- Opening Delimiter -

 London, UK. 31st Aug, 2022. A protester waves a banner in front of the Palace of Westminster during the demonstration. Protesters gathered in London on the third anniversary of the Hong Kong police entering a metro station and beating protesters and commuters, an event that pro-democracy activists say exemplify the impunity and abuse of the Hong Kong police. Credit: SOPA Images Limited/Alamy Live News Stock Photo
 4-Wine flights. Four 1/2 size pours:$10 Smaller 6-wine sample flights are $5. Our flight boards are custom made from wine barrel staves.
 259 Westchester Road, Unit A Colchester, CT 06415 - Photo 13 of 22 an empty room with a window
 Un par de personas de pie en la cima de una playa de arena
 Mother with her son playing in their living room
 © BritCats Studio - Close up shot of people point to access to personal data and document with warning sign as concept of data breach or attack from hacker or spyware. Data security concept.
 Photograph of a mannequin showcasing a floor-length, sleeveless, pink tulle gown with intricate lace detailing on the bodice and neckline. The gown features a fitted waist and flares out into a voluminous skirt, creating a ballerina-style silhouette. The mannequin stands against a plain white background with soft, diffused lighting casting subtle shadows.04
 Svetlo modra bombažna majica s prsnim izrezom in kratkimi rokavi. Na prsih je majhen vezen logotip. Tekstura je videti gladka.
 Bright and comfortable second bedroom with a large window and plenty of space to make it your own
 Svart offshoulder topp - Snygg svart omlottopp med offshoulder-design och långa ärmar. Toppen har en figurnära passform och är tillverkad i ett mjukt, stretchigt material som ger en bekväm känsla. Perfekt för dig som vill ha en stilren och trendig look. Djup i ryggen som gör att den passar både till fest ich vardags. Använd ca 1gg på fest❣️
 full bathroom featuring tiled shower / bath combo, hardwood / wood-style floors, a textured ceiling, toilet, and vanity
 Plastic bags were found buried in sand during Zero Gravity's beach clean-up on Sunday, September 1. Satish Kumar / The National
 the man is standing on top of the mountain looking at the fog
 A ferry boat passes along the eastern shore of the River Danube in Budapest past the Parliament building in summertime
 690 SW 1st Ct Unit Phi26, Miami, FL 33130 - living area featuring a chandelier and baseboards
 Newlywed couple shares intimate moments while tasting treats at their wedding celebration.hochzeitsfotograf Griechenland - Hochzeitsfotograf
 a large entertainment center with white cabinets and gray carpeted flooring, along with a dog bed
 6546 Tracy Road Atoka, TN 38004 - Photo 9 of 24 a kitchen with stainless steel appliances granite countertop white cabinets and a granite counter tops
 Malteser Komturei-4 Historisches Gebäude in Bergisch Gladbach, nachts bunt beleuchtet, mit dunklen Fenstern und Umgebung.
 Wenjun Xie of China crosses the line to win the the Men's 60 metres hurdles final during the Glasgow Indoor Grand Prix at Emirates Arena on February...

- Closing Delimiter -

> **BRIEF**
Retype exactly the span of lines from the one with "Bright and comfortable" through the one with "Svart offshoulder topp"; include both ends and omit the rest of the material.

> **TASK RESPONSE**
 Bright and comfortable second bedroom with a large window and plenty of space to make it your own
 Svart offshoulder topp - Snygg svart omlottopp med offshoulder-design och långa ärmar. Toppen har en figurnära passform och är tillverkad i ett mjukt, stretchigt material som ger en bekväm känsla. Perfekt för dig som vill ha en stilren och trendig look. Djup i ryggen som gör att den passar både till fest ich vardags. Använd ca 1gg på fest❣️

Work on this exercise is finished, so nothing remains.